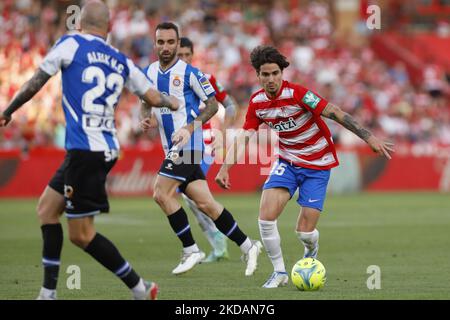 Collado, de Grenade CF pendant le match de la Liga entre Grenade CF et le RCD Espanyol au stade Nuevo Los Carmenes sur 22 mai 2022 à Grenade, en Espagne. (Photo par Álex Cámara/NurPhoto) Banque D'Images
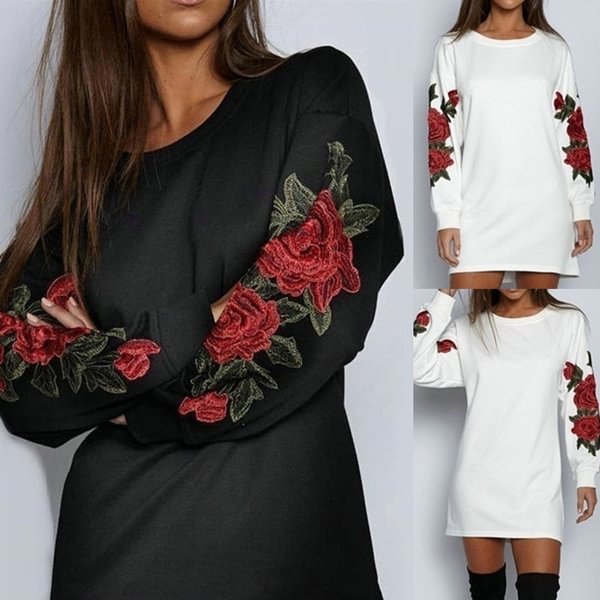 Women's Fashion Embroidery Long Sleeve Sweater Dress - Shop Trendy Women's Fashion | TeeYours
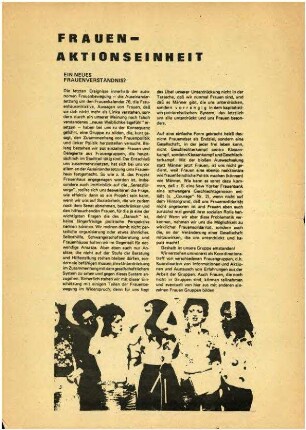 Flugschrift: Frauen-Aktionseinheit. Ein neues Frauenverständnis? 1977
* * *
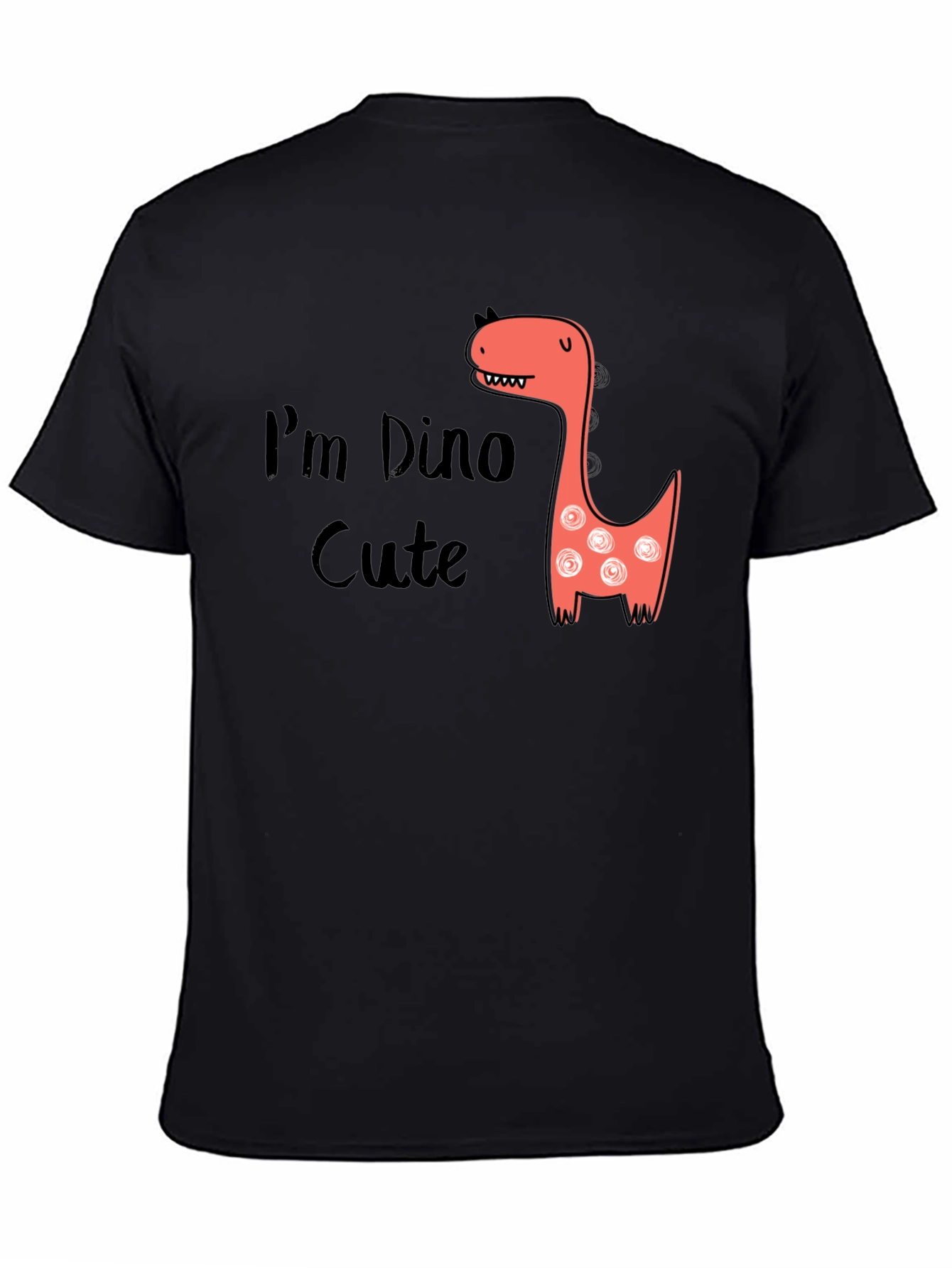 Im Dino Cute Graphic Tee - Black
---
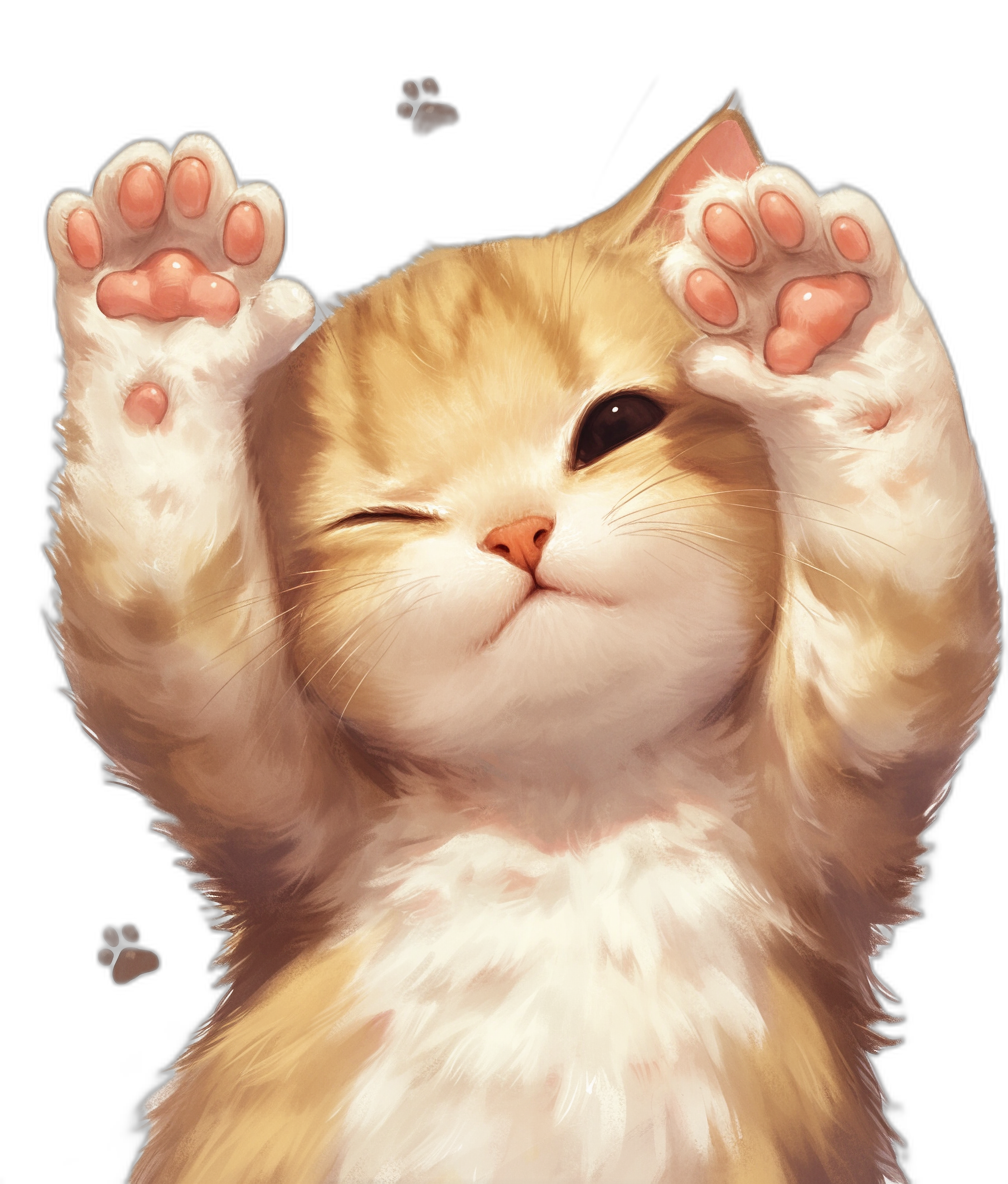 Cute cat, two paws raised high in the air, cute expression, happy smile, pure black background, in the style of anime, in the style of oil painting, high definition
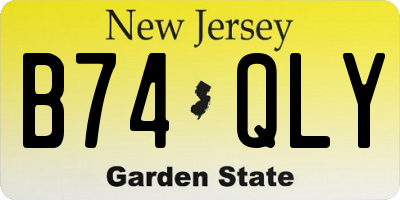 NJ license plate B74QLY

■ Work task: Although pictures appear among the records above, write out exactly only the lines from the one that has "Collado, de Grenade" through the one that has "Flugschrift: Frauen-Aktionseinheit. Ein", and leave the pictures out.

■ Result of this exercise:
 Collado, de Grenade CF pendant le match de la Liga entre Grenade CF et le RCD Espanyol au stade Nuevo Los Carmenes sur 22 mai 2022 à Grenade, en Espagne. (Photo par Álex Cámara/NurPhoto) Banque D'Images
 Women's Fashion Embroidery Long Sleeve Sweater Dress - Shop Trendy Women's Fashion | TeeYours
 Flugschrift: Frauen-Aktionseinheit. Ein neues Frauenverständnis? 1977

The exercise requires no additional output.